Before Jamie leaves, William sneaks into Jamie’s room to see him. He finds Jamie praying to the patron saint of lost things, and Williams declares that he wants to be “a stinking Papist” like his beloved “Mac”. Jamie baptizes him “William James”, and gives him a carved snake just like the one his older brother (also named William) made for him. The next day, he takes his leave of John, Isobel, and his son, and rides away without looking back.
Next week brings us to the moment when Claire returns to the past to finally be reunited with Jamie! I wonder if that will end the episode, or if the showrunners will tease us by ending the episode with the print shop door opening…
1 thought on “Outlander Season Three Episode Four: “Of Lost Things””
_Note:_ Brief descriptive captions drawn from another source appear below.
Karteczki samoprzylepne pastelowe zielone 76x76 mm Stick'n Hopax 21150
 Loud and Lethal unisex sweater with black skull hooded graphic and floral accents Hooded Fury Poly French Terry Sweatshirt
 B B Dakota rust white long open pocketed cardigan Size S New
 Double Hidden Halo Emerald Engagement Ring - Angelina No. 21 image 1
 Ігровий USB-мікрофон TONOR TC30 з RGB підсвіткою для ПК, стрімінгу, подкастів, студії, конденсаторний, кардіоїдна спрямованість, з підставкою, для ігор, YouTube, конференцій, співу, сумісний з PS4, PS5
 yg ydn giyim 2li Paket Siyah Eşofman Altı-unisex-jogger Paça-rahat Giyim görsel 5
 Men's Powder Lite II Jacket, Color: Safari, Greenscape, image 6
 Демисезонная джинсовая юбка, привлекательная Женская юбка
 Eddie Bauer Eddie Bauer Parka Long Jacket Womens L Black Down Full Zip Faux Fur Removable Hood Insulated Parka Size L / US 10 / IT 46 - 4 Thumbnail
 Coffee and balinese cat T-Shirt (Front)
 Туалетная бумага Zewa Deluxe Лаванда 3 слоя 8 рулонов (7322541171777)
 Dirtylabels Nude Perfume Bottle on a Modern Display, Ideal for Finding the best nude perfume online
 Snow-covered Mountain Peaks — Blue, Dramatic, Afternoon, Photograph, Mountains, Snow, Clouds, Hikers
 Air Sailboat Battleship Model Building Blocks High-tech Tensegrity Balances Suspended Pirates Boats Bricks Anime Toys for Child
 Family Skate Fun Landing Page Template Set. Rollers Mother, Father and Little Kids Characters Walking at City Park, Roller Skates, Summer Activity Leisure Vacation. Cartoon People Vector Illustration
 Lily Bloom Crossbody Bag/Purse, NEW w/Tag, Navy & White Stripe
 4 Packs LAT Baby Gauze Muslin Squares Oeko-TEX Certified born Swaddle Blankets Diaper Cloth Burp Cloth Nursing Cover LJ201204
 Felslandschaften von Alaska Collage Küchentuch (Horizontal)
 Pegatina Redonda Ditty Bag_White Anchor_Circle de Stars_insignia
The sweetest part of this whole episode, for me, were the scenes between Jamie and his son. Especially when Jamie baptizes his son. What a special moment that was. Nothing like being a stinking papist. I also loved the scenes between Jamie and Geneva. I found their love scene much more believable than the ones between Jamie and Claire. I just don’t feel the attraction between Jamie and this Claire. Wish they had chose a better actress to play Claire. The girl who played Geneva would have been a much better Claire.